What had he done to himself—and to Jessica?

“My impartiality failed me, sweetheart,” he said to her disconsolately. “If I could have stayed cold and objective, at least I would have had peace of mind. I would never have known how I damned both of us. But I couldn’t; the impartiality was a lie, from the very beginning. As soon as we went to measure something, our humanity got in the way. We couldn’t be passive observers of the universe, because we’re alive and we’re people and we think and feel. And so we were doomed to learn the truth eventually, and we were doomed to suffer because of it.” He wished Jessica were still alive, to comfort him as she had so many other times. He had felt isolated before, but it had never been so bad. Now he understood the ultimate meaning of alienation—a separation from his world and the force that had created it. He wasn’t supposed to be here, wherever it was. He belonged on Earth, in the midst of life. He stared out through the port, and the infinite blackness seemed to enter into him, merging with his mind and spirit. He felt the awful coldness in his soul.

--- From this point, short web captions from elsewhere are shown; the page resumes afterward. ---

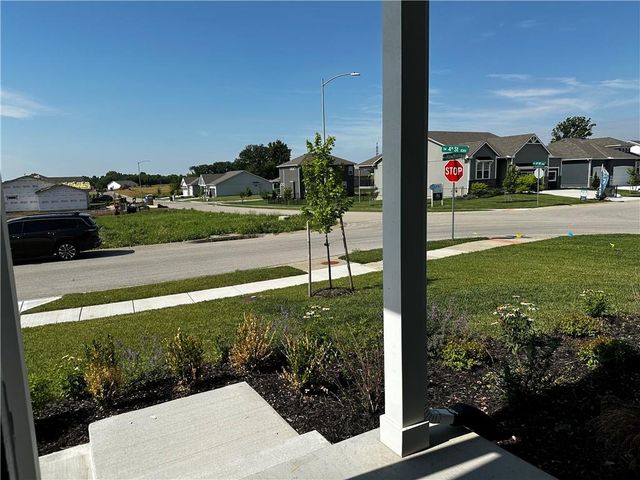 309 SW Hawthorne Court, Blue Springs, MO 64014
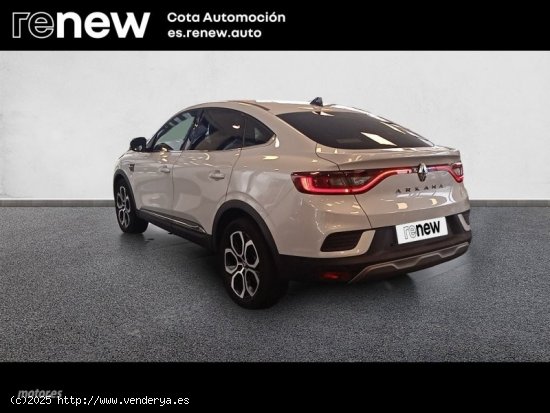 Renault Arkana ZEN TCE  MILD HYBRID de 2021 con 33.000 Km por 22.900 EUR. en Madrid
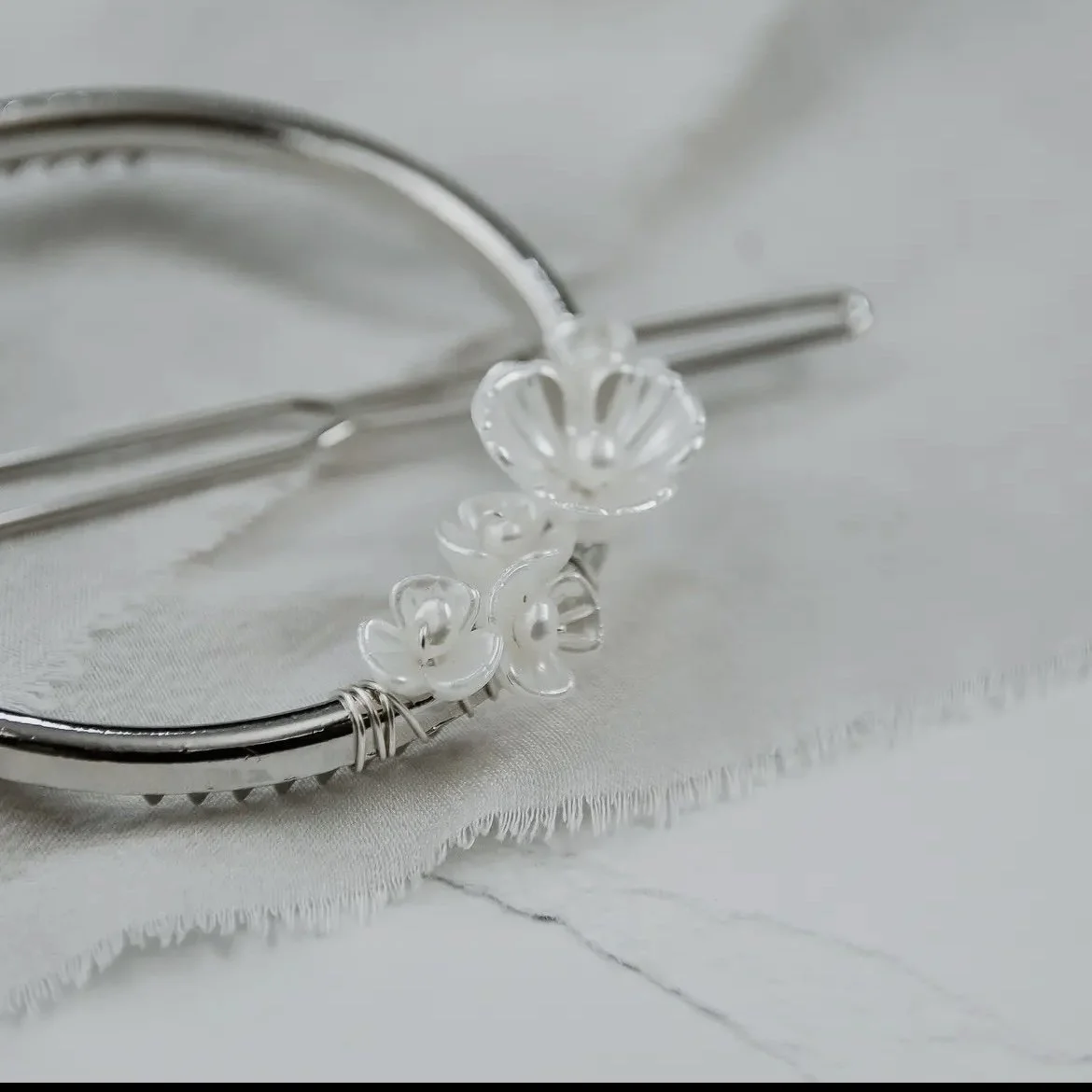silver wreath barette 3.jpg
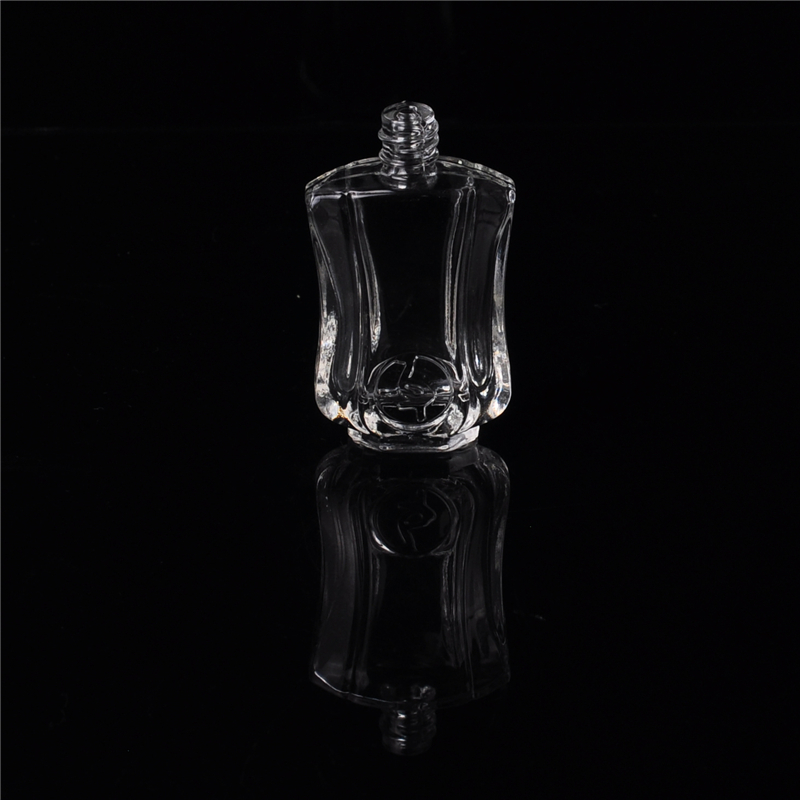 rectángulo de vidrio en forma de botellas de perfume de fábrica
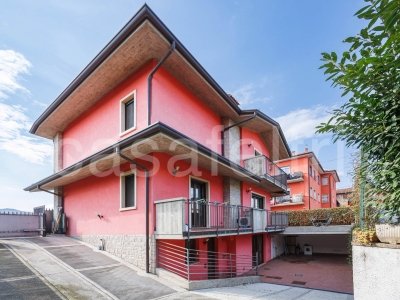 casa indipendente in vendita a Mapello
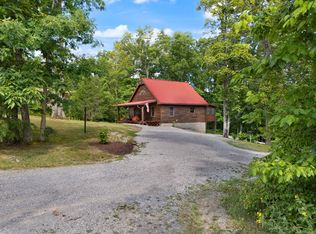 249 Diamond Ln, Wallingford, KY 41093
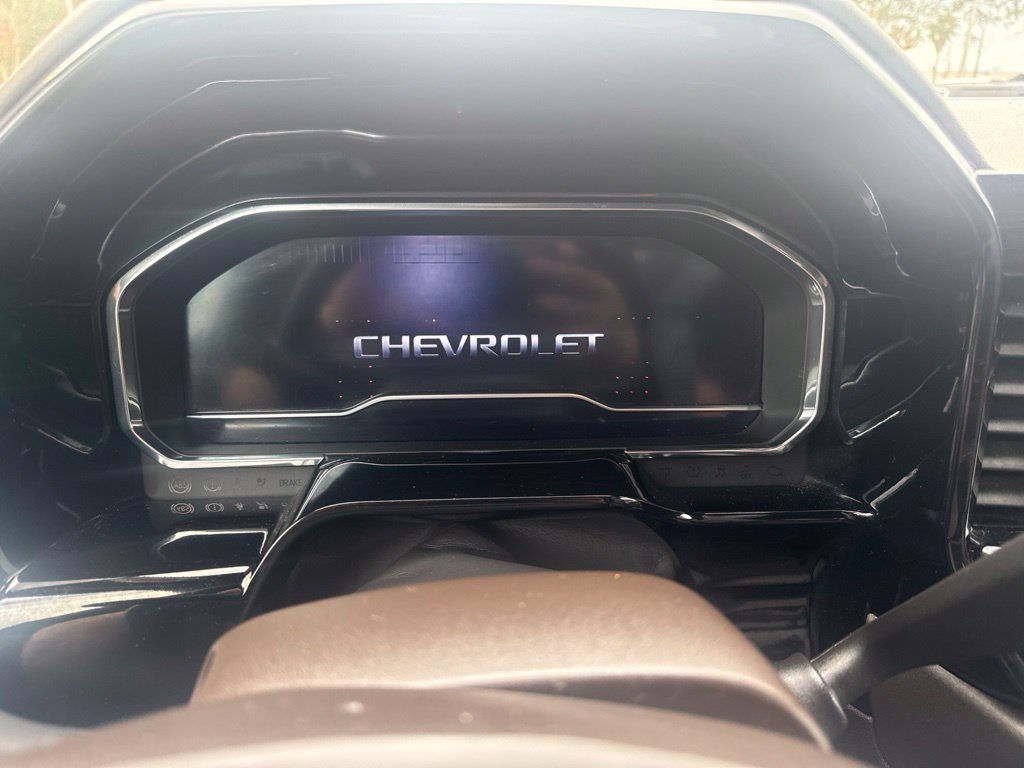 Used 2025 Chevrolet Silverado 1500 LT AWD/4WD image 9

For a while Gillette was incapacitated by his emotions. When Jessica died, he had bottled up his grief; he had never really permitted himself the luxury of mourning her. Now, with the added weight of his new convictions, her loss struck him again, harder than ever before. He allowed the machines around him to take complete control of the mission in addition to his well-being. He watched the stars shine in the darkness as the ship fell on through real space. He stroked Benny’s thick gray fur and remembered everything he had so foolishly abandoned.

In the end it was Benny that pulled Gillette through. Between strokes the man’s hand stopped in mid-air; Gillette experienced a flash of insight, what the oriental philosophers call satori, a moment of diamond-like clarity. He knew intuitively that he had made a mistake that had led him into self-pity. If life had been created on Earth, then all living things were a part of that creation, wherever they might be. Benny, the gray-haired cat, was a part of it, even locked into this tin can between the stars. Gillette himself was a part, wherever he traveled. That creation was just as present in the spacecraft as on Earth itself: it had been foolish for Gillette to think that he ever could separate himself from it—which was just what Jessica had always told him.

“Benny!” said Gillette, a tear streaking his wrinkled cheek. The cat observed him benevolently. Gillette felt a pleasant warmth overwhelm him as he was released at last from his loneliness. “It was all just a fear of death,” he whispered. “I was just afraid to die. I wouldn’t have believed it! I thought I was beyond all that. It feels good to be free of it.”

And when he looked out again at the wheeling stars, the galaxy no longer seemed empty and black, but vibrant and thrilling with a creative energy. He knew that what he felt could not be shaken, even if the next world he visited was a lush garden of life—that would not change a thing, because his belief was no longer based on numbers and facts, but on a stronger sense within him.


IT MADE NO difference at all where Gillette was headed, what stars he would visit: wherever he went, he understood at last, he was going home.